SYDNEY, May 18, 2026, 04:03 AEST
- Santos last traded at A$7.88 on Friday, up 2.74%, while the S&P/ASX 200 ended down 0.11% at 8,630.8.
- Australia held off winter gas-export curbs after exporters gave supply assurances, cutting one near-term policy risk for Santos.
- The company also moved ahead last week with a Papua New Guinea gas tie-in project, a smaller but high-return growth step due to start in 2028.
Santos Ltd heads into Monday’s ASX session with a firmer tone after its shares jumped on Friday, outpacing a softer Australian market as gas-policy pressure eased and oil prices stayed elevated. The ASX cash market had not yet reopened at the dateline; normal trading runs from about 09:59:45 to 16:00 Sydney time.

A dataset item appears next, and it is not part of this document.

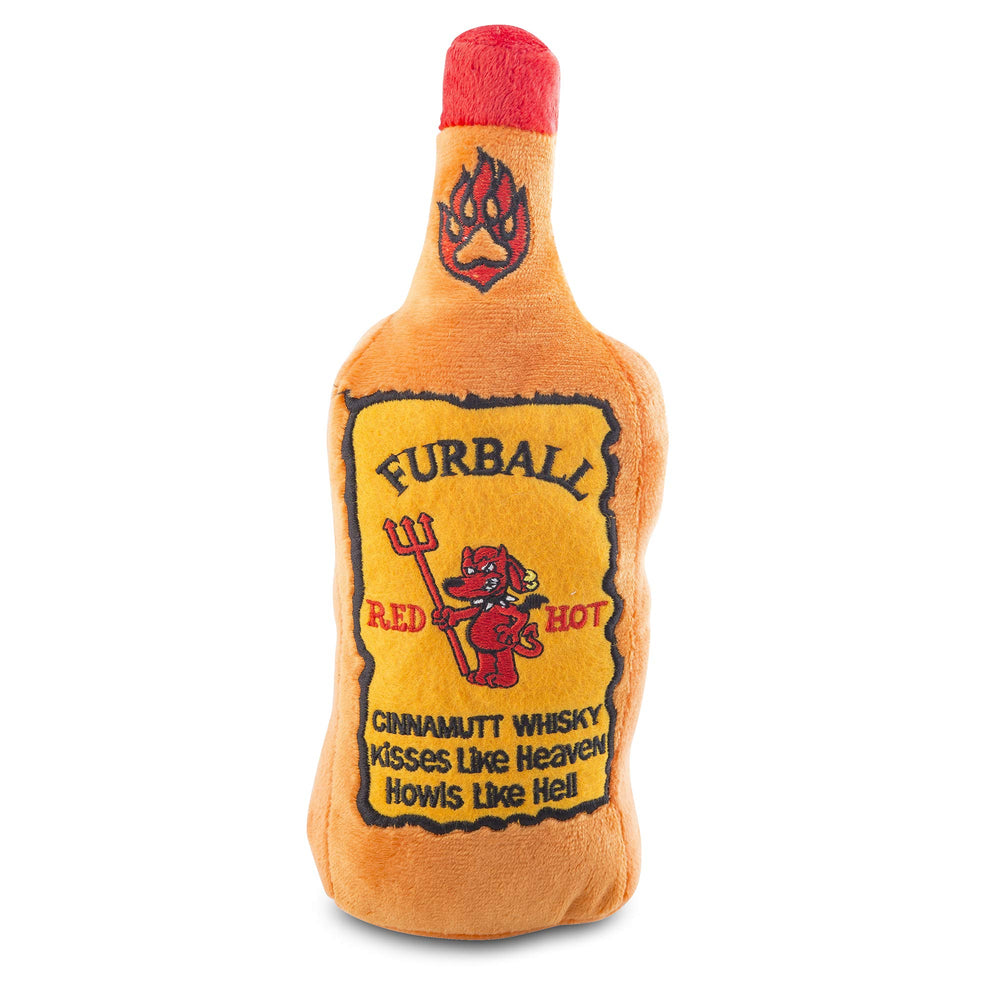 Haute Diggity Dog Furball Cinnamutt Whiskey: botella interactiva para juego activo y estimulación mental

That matters now because Santos is trading on two live forces: higher energy prices, and whether Canberra tightens domestic gas rules. The stock finished Friday at A$7.88, up 2.74% on the day and about 4.8% above the previous Friday’s close, while the broader S&P/ASX 200 fell over the week.
The immediate policy overhang eased when Resources Minister Madeleine King said Australia would not trigger export restrictions on natural gas for winter after receiving supply assurances from exporters. The Australian Domestic Gas Security Mechanism, or ADGSM, is a rule that lets the government restrict liquefied natural gas exports when local supply looks tight; Reuters reported it applies to east coast LNG plants operated by Origin Energy, Shell and Santos.
Still, the message was not a free pass. King said the government would not hesitate to act if the supply outlook changed, leaving Santos and other gas exporters exposed to a return of intervention risk if winter demand tightens.
Oil did the other part of the work. Brent crude rose above $109 a barrel on Friday as fears of renewed U.S.-Iran fighting and disruption around the Strait of Hormuz kept traders focused on supply risk; West Texas Intermediate also climbed, and both benchmarks posted strong weekly gains. Higher oil prices usually lift cash-flow expectations for producers such as Santos, though the move can reverse fast if supply routes reopen or ceasefire hopes return.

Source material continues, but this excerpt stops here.